Many people associate workplace one-on-one meetings with criticism from managers and grievances from employees. This may be true in some organizations, but smart companies use regularly scheduled one-on-ones to build trust and rapport between management and employees. With workforce management systems automating many office operations, it’s more important than ever for managers to schedule time for individual check-in meetings with their direct reports.
Meeting in Real Life
In today’s digital workplace, most communication takes place via email, text, and phone, while workforce management systems handle attendance, scheduling, and other routine tasks. This makes face-to-face contact between managers and their teams more important than ever. This is especially true if team members are in another location. According to a survey of 15,000 professionals conducted by Reclaim, about 85 percent of one-on-one meetings were remote in 2020 and 2021. That trend may continue as more organizations adopt a remote or hybrid work model.
One-on-one meetings are so valuable because they allow managers and team members to communicate frequently and openly, leading to increased transparency. They are a place for respectful mutual feedback that makes everyone feel more engaged at work.
According to Elizabeth Grace Saunders, author of How to Invest Your Time Like Money, “One-on-ones are one of the most important productivity tools you have as a manager. They are where you can ask strategic questions such as, are we focused on the right things? And from a rapport point of view, they are how you show employees that you value them and care about them.”

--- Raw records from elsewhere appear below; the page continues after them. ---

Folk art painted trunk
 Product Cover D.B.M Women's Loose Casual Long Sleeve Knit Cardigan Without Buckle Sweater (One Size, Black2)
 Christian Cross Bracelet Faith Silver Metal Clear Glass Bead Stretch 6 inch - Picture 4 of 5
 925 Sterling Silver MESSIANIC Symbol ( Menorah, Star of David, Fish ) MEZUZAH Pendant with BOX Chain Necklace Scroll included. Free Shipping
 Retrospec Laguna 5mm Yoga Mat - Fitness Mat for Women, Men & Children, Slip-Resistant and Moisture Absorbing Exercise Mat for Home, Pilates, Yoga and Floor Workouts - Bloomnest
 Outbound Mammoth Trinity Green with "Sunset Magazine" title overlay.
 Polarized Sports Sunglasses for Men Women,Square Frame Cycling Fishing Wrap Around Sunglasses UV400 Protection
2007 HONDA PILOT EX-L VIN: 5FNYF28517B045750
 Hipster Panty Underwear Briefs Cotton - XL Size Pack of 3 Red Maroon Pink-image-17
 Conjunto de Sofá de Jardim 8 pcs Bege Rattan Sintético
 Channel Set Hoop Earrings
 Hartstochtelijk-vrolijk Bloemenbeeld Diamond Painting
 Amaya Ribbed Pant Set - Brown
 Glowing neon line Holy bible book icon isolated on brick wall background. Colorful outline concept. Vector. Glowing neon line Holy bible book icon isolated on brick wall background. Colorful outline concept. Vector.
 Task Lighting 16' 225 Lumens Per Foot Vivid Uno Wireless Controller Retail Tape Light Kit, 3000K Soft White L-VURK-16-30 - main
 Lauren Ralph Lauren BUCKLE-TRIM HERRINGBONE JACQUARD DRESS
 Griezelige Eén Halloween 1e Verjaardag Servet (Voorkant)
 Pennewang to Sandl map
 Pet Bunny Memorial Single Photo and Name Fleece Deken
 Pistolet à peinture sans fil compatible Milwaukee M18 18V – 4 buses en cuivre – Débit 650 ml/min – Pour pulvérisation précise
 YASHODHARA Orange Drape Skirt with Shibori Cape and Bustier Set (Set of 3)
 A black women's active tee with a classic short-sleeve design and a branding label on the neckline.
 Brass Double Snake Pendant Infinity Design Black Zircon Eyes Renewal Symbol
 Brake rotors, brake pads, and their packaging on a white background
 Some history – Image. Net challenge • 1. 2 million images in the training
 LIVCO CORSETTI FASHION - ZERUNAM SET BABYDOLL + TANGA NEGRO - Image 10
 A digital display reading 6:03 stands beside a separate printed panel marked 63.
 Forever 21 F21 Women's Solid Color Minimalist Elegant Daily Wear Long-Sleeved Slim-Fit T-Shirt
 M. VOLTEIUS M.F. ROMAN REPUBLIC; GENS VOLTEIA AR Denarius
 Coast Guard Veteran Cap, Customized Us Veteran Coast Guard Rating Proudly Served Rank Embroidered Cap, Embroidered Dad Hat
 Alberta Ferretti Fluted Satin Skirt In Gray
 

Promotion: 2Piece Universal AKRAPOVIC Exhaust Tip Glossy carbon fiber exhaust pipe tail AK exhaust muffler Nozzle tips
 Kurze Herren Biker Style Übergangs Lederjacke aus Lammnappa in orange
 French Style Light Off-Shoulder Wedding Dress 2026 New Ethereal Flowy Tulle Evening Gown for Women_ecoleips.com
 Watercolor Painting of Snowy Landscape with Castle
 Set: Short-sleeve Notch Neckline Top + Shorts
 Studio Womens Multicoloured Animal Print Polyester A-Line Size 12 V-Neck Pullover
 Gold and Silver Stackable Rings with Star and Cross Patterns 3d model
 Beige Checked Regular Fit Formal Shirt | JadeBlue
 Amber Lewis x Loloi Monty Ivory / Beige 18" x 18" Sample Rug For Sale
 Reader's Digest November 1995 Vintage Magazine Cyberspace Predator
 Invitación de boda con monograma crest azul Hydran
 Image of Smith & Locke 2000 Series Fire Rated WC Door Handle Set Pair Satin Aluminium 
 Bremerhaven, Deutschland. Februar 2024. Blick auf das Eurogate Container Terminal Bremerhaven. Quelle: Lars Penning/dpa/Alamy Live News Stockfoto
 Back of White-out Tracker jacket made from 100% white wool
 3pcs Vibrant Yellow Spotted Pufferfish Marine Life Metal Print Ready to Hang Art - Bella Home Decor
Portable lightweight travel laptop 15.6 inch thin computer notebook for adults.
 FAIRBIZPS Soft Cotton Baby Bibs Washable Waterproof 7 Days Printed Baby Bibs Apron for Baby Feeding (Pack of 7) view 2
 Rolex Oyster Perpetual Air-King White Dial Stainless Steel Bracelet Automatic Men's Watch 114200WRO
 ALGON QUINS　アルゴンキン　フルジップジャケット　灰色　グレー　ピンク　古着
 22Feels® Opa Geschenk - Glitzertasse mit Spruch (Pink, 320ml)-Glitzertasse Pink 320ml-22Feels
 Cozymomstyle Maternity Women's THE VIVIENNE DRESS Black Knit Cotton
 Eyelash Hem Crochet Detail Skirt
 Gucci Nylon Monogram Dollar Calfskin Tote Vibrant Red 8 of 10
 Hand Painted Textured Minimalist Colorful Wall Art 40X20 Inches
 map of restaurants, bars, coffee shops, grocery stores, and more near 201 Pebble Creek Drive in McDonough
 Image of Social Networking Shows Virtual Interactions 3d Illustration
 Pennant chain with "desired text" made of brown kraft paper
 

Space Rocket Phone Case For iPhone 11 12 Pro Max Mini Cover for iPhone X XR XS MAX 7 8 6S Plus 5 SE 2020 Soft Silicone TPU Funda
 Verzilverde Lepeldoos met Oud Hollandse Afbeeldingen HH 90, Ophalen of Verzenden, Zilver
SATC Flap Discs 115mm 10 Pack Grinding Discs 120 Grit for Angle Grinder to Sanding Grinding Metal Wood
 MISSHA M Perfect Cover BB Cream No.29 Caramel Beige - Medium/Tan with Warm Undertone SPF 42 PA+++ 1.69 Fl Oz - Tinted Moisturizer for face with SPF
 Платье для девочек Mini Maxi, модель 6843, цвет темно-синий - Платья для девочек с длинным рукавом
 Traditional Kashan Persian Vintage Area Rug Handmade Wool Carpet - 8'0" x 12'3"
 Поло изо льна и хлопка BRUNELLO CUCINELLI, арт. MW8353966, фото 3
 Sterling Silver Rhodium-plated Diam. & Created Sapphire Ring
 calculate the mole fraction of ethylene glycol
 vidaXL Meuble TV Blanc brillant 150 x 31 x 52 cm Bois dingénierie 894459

Give One-on-Ones Your Full Attention
One-on-one meetings should be more than check-the-box exercises. Although managers and team members should prepare for one-on-one meetings, the primary responsibility for guiding the meeting is with the manager. Sending a short agenda beforehand will help the team member feel relaxed. During the meeting, avoid interruptions and distractions. Focus on the person you’re meeting with and try to get as much out of the meeting as possible.
The Structure of One-on-One Meetings
There is no standard way to conduct a one-on-one meeting between a manager and a direct report. These are some agenda items you might include:
- Exchanging ideas and information
- Rewarding good performance
- Providing constructive feedback
- Addressing issues and obstructions
- Planning career development
- Discussing growth opportunities
- Sharing personal information like hobbies and vacation destinations to build rapport
A one-on-one meeting should be more than an employee progress report. Workforce management software can gather that information for discussion in a team meeting. This leaves time in the one-on-one for discussions that strengthen the bond between manager and employee.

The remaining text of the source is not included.